Los dos hombres asisten al reparto de comida que ofrece el comedor social Navas, ubicado en la Meridiana. Al día, este comedor reparte más de 340 lotes de comida y sus trabajadores temen por un ERTE que parece surrealista. Alberto es el último en llegar. Viste chanclas, unos calcetines muy gruesos, y dos mantas le cubren el resto del cuerpo que culmina con un gorro negro. "Soy el último pero el que más tiempo lleva aquí", contesta. A sus espaldas ya suma más de 20 años alimentándose en los comedores sociales. Acepta a hablar, a contar su historia y denunciar una Barcelona "que nadie quiere ver". "Pero andando. Si no me muevo me muero de frío". Se entera que esta frase hecha puede ser también una expresión literal. El lunes dos jóvenes sin techo murieron en plena ola de frío. Él se queda helado.

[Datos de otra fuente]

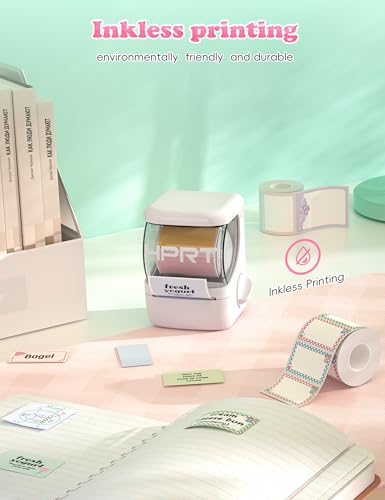 HPRT NEW1 Label Maker - Label Make Machine with 1 Roll Tape Portable Bluetooth Thermal Printer for Smartphone iPhone&Andriod, White - style: White
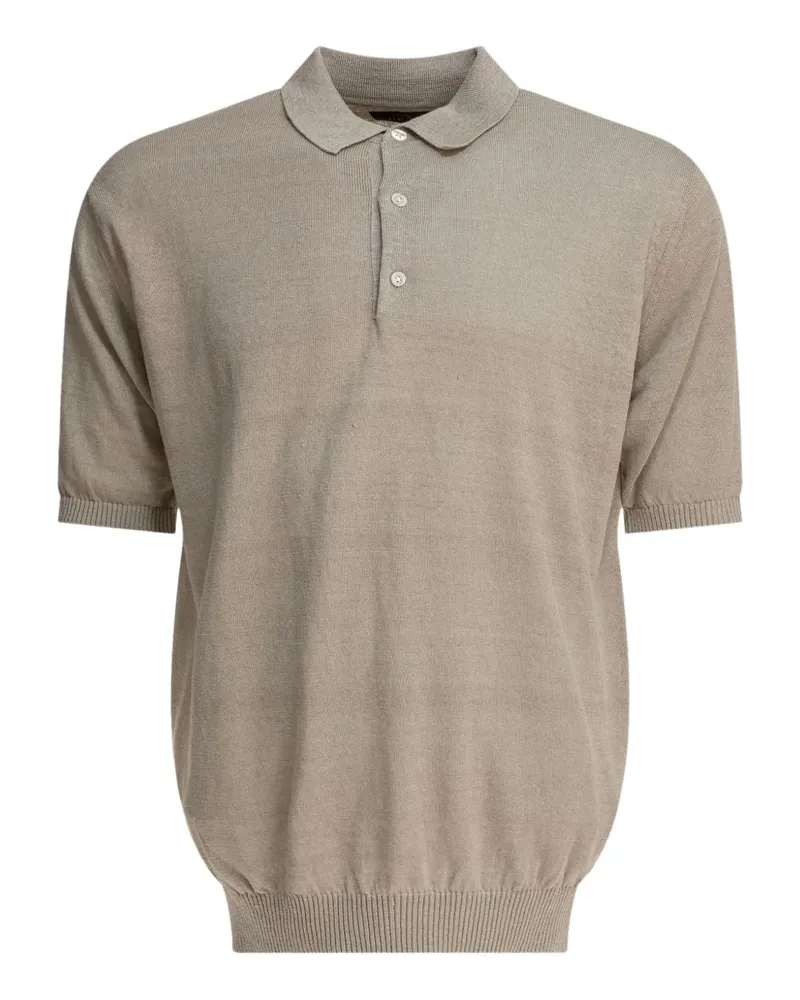 Beams Plus Kurzärmeliges Poloshirt aus Hanf - Grau Grau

Conocer una decena de comedores sociales

Alberto dice que en la calle propiamente solo ha estado un año. Durante el 2000. "Dormía en un cajero pero me echaban y me iba a un garaje, en Pedralbes". Luego el tiempo se difumina. Habla de varios albergues, de relaciones tormentosas compartiendo vivienda, y suelta que hoy duerme en un despacho en el centro de la ciudad. "No tengo cocina, ni nevera, ni calefacción, ni ducha. Solo una cama", expone. Le da miedo asearse, porque en el lavabo, que comparte con otras oficinas, el agua del grifo está helada. "Claramente sí, soy una persona sinhogar que malvive", asume. Lo refleja el hecho de que se conoce al dedillo una decena de comedores sociales y sitios donde asearse de la ciudad. "Lo que pasa que ahora si hace mucho frío no salgo de casa. Me cubro con mantas y ya está", expone.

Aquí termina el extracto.